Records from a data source
____
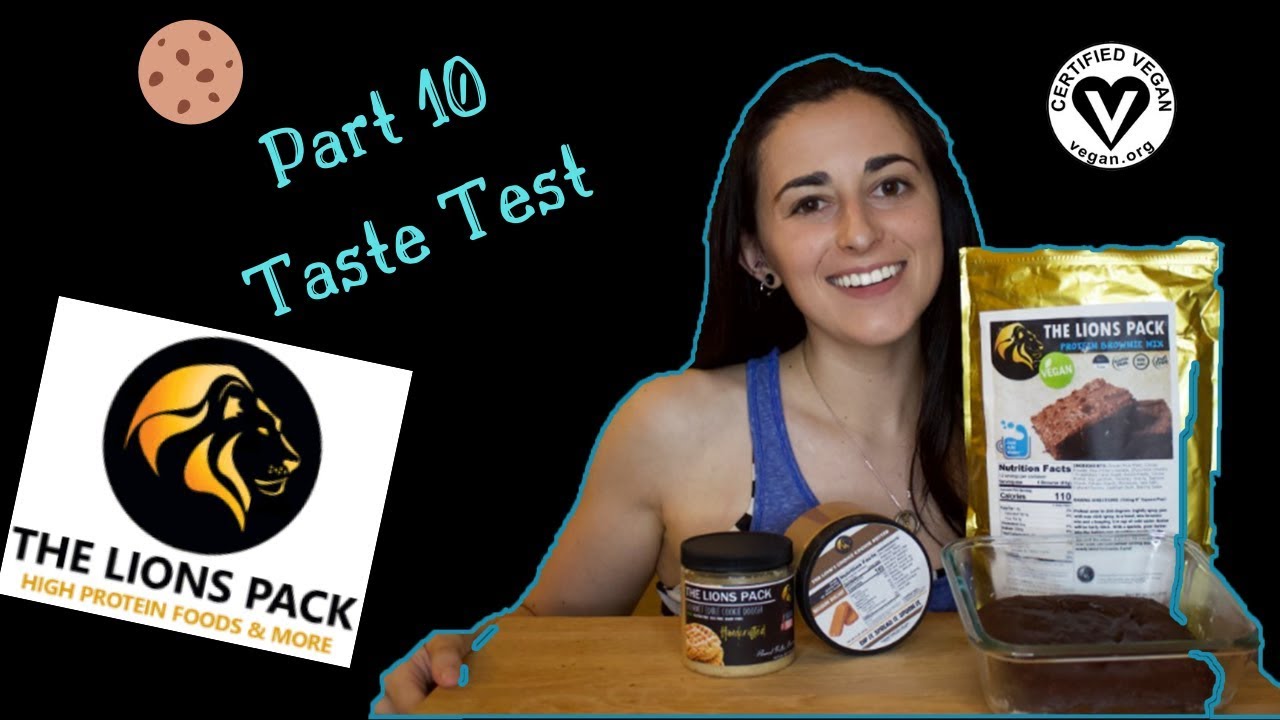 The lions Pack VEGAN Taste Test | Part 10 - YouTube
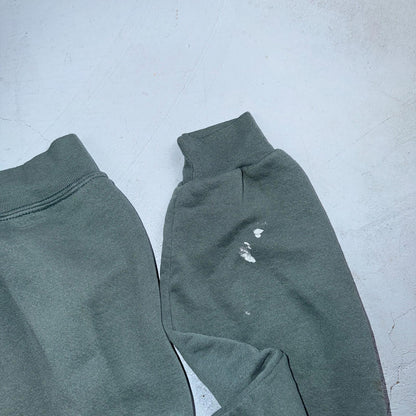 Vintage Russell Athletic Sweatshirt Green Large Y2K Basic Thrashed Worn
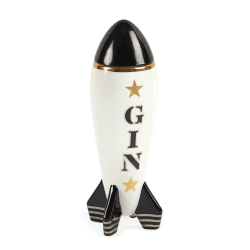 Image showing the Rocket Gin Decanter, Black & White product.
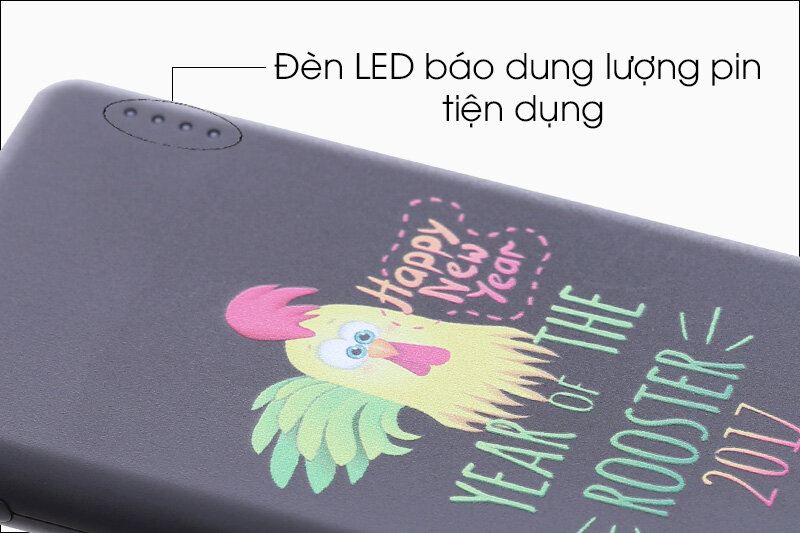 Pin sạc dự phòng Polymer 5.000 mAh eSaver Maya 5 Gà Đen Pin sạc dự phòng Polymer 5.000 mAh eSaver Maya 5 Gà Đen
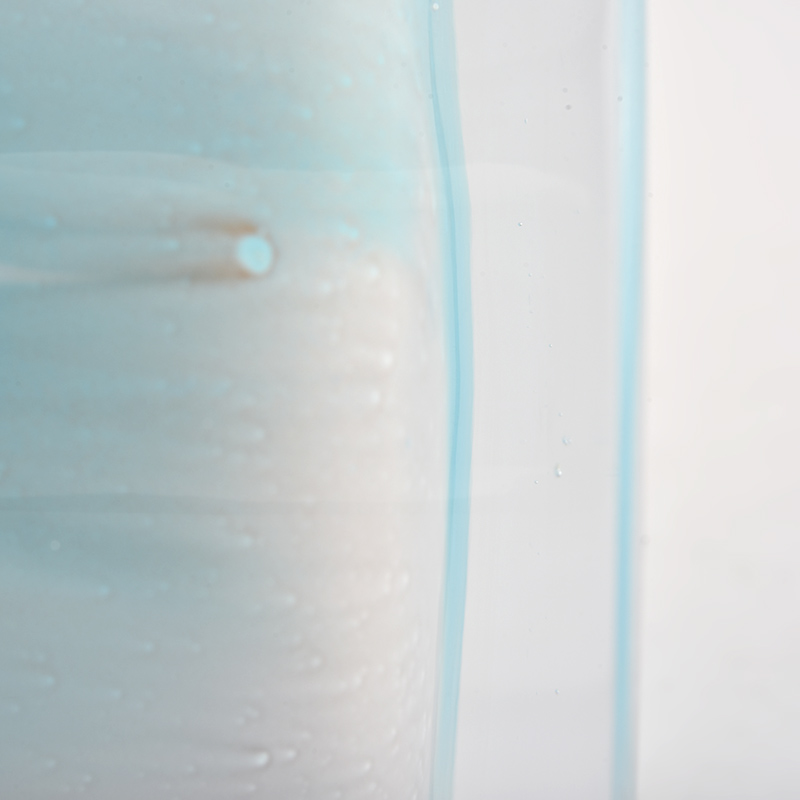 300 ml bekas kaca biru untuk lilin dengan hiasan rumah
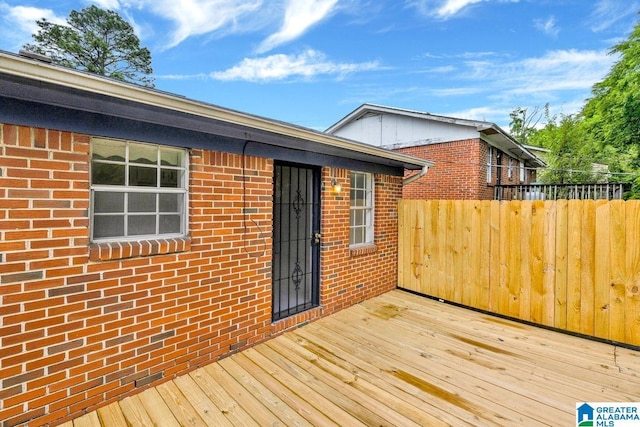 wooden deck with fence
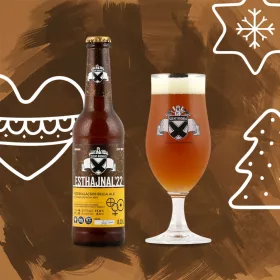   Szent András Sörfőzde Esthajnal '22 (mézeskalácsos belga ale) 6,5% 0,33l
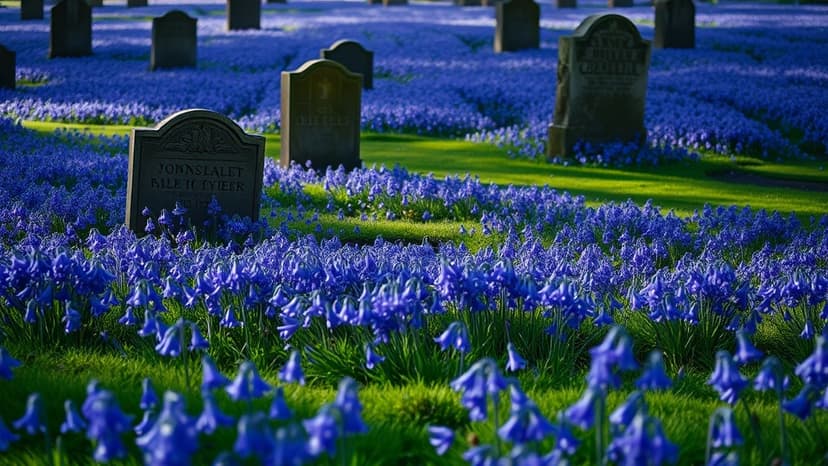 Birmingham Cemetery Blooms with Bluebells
____
- Activity
Return the data word for word without its pictures.

- Answer section
 The lions Pack VEGAN Taste Test | Part 10 - YouTube
 Vintage Russell Athletic Sweatshirt Green Large Y2K Basic Thrashed Worn
 Image showing the Rocket Gin Decanter, Black & White product.
 Pin sạc dự phòng Polymer 5.000 mAh eSaver Maya 5 Gà Đen Pin sạc dự phòng Polymer 5.000 mAh eSaver Maya 5 Gà Đen
 300 ml bekas kaca biru untuk lilin dengan hiasan rumah
 wooden deck with fence
   Szent András Sörfőzde Esthajnal '22 (mézeskalácsos belga ale) 6,5% 0,33l
 Birmingham Cemetery Blooms with Bluebells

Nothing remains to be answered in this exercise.